Conformational distribution of the Trp72 side chain in WT and variant proteins. Probability distributions for dihedral angles χ₁ and χ₂ of Trp72 (top) and structural models depicting the corresponding conformations of the Trp72 side chain (bottom) in (A) WT, (B) Glu34Lys, (C) Phe71Tyr, and (D) Leu159Arg proteins. One representative result of three independent room-temperature simulations is shown.
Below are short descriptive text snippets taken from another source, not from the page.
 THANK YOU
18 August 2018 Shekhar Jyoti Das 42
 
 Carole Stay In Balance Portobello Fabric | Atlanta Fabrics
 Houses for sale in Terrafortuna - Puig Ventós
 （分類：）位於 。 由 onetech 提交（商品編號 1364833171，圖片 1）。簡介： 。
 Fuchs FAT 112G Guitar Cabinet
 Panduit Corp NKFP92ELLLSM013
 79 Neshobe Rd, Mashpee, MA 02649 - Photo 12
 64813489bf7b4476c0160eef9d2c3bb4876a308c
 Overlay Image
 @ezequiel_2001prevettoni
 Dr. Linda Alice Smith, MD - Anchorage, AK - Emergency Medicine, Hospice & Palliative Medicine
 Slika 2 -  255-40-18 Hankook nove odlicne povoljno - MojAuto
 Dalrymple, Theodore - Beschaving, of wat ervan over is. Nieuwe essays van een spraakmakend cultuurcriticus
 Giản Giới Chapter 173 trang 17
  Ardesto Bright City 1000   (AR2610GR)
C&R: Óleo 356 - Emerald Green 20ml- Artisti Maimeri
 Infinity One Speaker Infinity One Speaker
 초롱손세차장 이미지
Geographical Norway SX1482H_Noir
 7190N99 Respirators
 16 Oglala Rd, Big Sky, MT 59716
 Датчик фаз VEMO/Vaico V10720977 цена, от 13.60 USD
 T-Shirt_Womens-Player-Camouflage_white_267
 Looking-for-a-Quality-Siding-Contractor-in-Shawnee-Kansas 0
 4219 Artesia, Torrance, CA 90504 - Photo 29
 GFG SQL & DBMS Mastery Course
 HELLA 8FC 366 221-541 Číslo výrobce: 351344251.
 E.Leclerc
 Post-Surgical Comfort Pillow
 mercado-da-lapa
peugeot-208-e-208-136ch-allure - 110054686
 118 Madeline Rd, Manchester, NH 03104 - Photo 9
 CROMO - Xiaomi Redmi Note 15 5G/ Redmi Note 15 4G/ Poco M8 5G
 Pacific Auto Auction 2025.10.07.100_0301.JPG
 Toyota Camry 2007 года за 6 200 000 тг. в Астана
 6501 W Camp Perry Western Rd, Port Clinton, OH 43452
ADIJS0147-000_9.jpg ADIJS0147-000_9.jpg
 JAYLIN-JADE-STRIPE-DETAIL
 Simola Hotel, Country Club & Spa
The probability is proportional to the number of steps in the simulation trajectory. Least and most probable conformations are colored blue and red, respectively, according to the color bars on the right. The color bars in different panels are different to illustrate the full range of probabilities for each protein. WT shows the sharpest peak corresponding to the “closed” Trp72 conformation. Glu34Lys, Phe71Tyr, and Leu159Arg proteins show additional peaks corresponding to “open” Trp72 conformations, which are depicted in the bottom panels. Stick models show “closed” (orange) and “open” (cyan and blue) orientations of the Trp72 side chain.